In this episode, you’ll learn:
What's the difference between Ben Graham and Charlie Munger?
Why Mohnish Pabrai think it is a good idea to have a stock watchlist?
To check out all Collection: Mohnish Pabrai <click here>
AUDIENCE MEMBER 00:00
(Stocks) Prices fluctuating every day. And you’re kind of watching, you want them to hit your value I assume, how many stocks are on the radar at any given time?
MOHNISH PABRAI 00:11
That’s not how I run my life. (Laugh)
So you know, the funny thing is that I always say this story that Ben Graham would go into a grocery store and he would look for what was the biggest discounted item and then he would buy that and come out. And Charlie Munger will go into a grocery store and he will look for what he loves and then he will keep going back every day till what he loves is on sale and then he’ll buy it and come out. And clearly the Munger approach is I think superior.
And so when I mentioned this a few months back at Columbia Business School, one of the students asked me exactly what you asked me, which is you know, do you have – somewhat differently than you ask me – do you ever think a list of things that you love that you’re watching?
And I felt very sheepish and telling him that I didn’t have such a list and then actually what I did after I came back is I said, you know what I’m going to prepare such a list because such a list is actually a very good idea.
So I put together and it’s not finished yet, I put together a list of businesses that I truly admire, really great businesses. Now, they may not likely be at prices that I’m interested in.
So I’m at the stage where I got – I would say probably I think that list will be a living breathing list, but I probably have 80-90% of what might come into it in the next year or two, for example, already on that list.
I haven’t gone through the motion of actually going through it versus present prices, what I was going to do is – one of the those things, either automated with the like of Capital IQ feed or something where I can pull triggers in, which is not my normal modus operandi or the second is that when there’s dislocations then go in.
And actually I missed one, so for example, February 8th, I was actually in India on February 8th, but February 8th was a great day to buy a few things because we had some – just for a couple of days when the indices really tanked and a lot of things tanked a decent amount.
And actually looking back there were things at that point at prices that I would like to buy now, but they’re not at those prices anymore and so I missed it.

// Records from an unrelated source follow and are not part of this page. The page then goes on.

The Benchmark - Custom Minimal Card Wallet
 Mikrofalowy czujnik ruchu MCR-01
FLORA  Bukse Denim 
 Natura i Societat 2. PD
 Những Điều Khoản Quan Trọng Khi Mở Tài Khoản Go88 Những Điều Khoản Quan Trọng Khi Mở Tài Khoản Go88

And part of the reason I missed it is because I wasn’t paying as close attention as I should.
So we will get there what you’re suggesting but I don’t want to spend my – it’s not my temperament to spend my days looking at screens. What I would prefer is to have that setup and maybe kind of once a week or something just take a quick look at, you know, how far off things are from being more interesting in terms of buy and so on.
And the second thing that I want to get better at which is part of the reason for the Coke presentation is that there are these businesses where they are fantastic businesses when they get paired with fantastic managers if the runways are big even at a not an obviously cheap price, those can be great things to buy.
And that’s a lesson that has not been seared in because I’m a bargain hunter and so I need to sear in the lesson that you pay up sometimes and then take it from there.